## DATASET CONTENT:
Segment Open

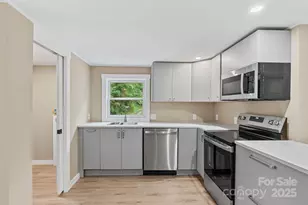 530 Rebel Ridge Rd, Marshall, NC 28753 - Photo 15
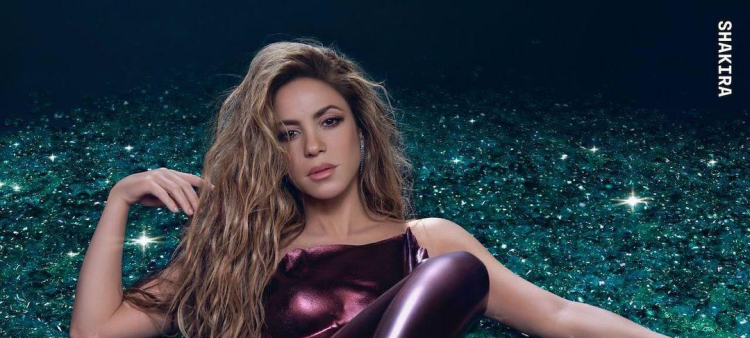 Shakira en la portada de su disco "Las mujeres ya no lloran", versión esmeralda.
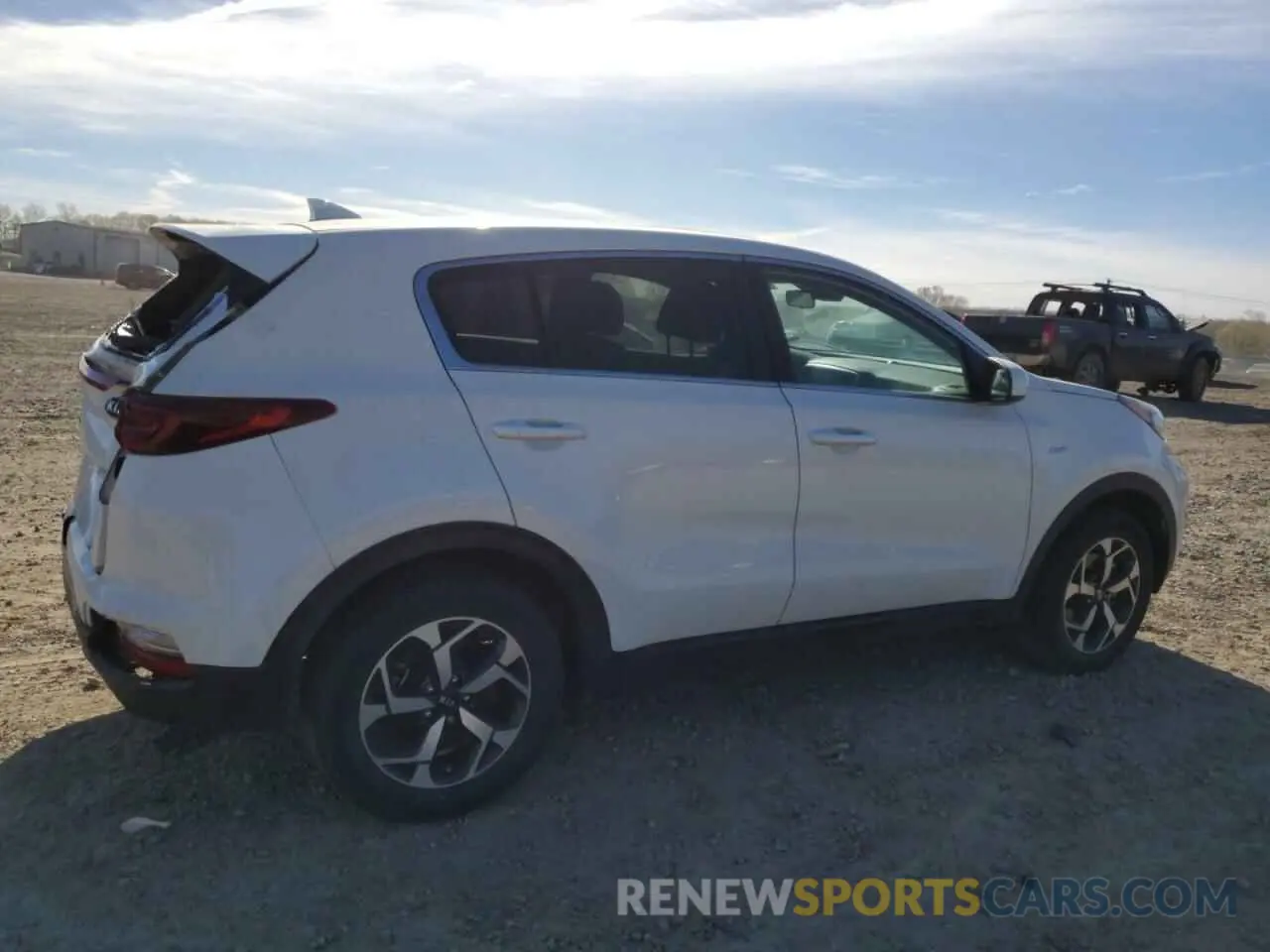 3 Photograph of a damaged car KNDPMCAC4L7745763 KIA SPORTAGE 2020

Segment Closed

Everything but the pictures is needed: copy the data above exactly.

 530 Rebel Ridge Rd, Marshall, NC 28753 - Photo 15
 Shakira en la portada de su disco "Las mujeres ya no lloran", versión esmeralda.
 3 Photograph of a damaged car KNDPMCAC4L7745763 KIA SPORTAGE 2020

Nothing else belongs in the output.